As research institutions expand and improve their data management services, so, inevitably, the complexity of their data architectures increase. Getting an institutional data repository to talk to a research management and reporting system may be a challenge, but integrating both with a managed data storage system, a project costing system, HR records, data management planning tools, HPC systems, and the myriad of data generating tools that researchers rely on in their specific disciplines can seem overwhelming.

This session will explore the need for interoperability between institutional systems and services, and the challenges that such interoperability presents. Does it really matter whether data management systems can pass data and metadata between each other? If so, where is this most important? Where are the pain points? How can these best be addressed?

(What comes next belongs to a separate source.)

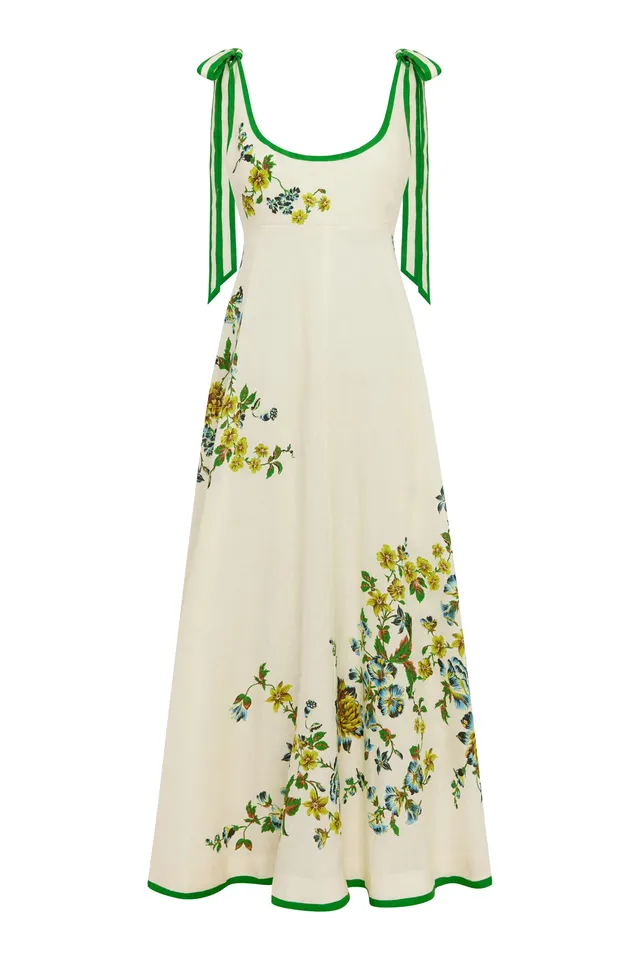 Alemaïs Phyllis robe midi sundress fleurie lin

Beginning with a couple of examples from institutions actively wrestling with these questions, this session will provide a forum for people to share their own challenges, experiences, ideas, and suggestions. The emphasis of this meeting will be on establishing and prioritizing shared challenges rather than finding immediate solutions to every issue raised (although we would welcome anyone who has already solved them all!).

Meeting agenda: 

Collaborative session notes: https://docs.google.com/document/d/1kpBHO5rZdc5-j-Qjw7HHlRarB2-6NSFZmr70wy9nQJg/edit

10 mins: Introduction to RDARI and scene setting
10 mins: Challenges at UCL designing an interoperable infrastructure (James Wilson)
10 mins: Challenges at the University of Cape Town designing an interoperable infrastructure (Renate Meyer, Kimi Keith)
70 mins: Plenary discussion on drivers and challenges
10 mins: Wrap up and Next steps

Target Audience: 

Those working at Research institutions involved in designing research data Architectures or elements of these. Or those responsible for connecting the elements of the Data Architectures into a valuable, well-connected whole. This may include senior managers, IT staff, librarians, project managers, research office staff, researchers and data stewards working with cross-disciplinary data, and so forth.

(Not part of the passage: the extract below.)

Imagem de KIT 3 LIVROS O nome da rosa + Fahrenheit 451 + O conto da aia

Group chair serving as contact person: 
Brief introduction describing the activities and scope of the group: 

The Research Data Architectures in Research Institutions Interest Group is primarily concerned with technical architectures for managing research data within universities and other multi-disciplinary research institutions. It provides insight into the approaches being taken to the development and operation of such architectures and their success or otherwise in enabling good practice.

The main themes of the IG are

  • Exploring how diverse tools, technologies, and services can be integrated to meet the evolving needs of researchers in research institutions.

  • Considering interoperability between institutional research data infrastructures and (inter)national or discipline-based infrastructures

  • Understanding the different institutional approaches to governance structures and business processes in responding to research ICT demands (e.g. capacity planning/forecasting for storage)

  • Sharing case studies of solutions developed by data infrastructure projects in research institutions

  • Presenting technical innovations and ideas that can further the development of integrated research data infrastructures

  • Agreeing best practice relating to research data architectures in research institutions

More information at https://www.rd-alliance.org/groups/research-data-architectures-research-institutions-ig

Short Group Status: 

The RDARI Interest Group was established in 2018 and since then has organised exchanges and discussions related to research data architectures. Some of these were related to specific elements or aspects of these (e.g. eLab Notebooks, Sensitive Data) and others were discussing potential solutions or elements.

Type of Meeting: 
Informative meeting
Avoid conflict with the following group (1): 
Meeting presenters: 
James Wilson (UCL); Keith Russell (ARDC; Renate Meyer (UCT); Kim Keith (UCT)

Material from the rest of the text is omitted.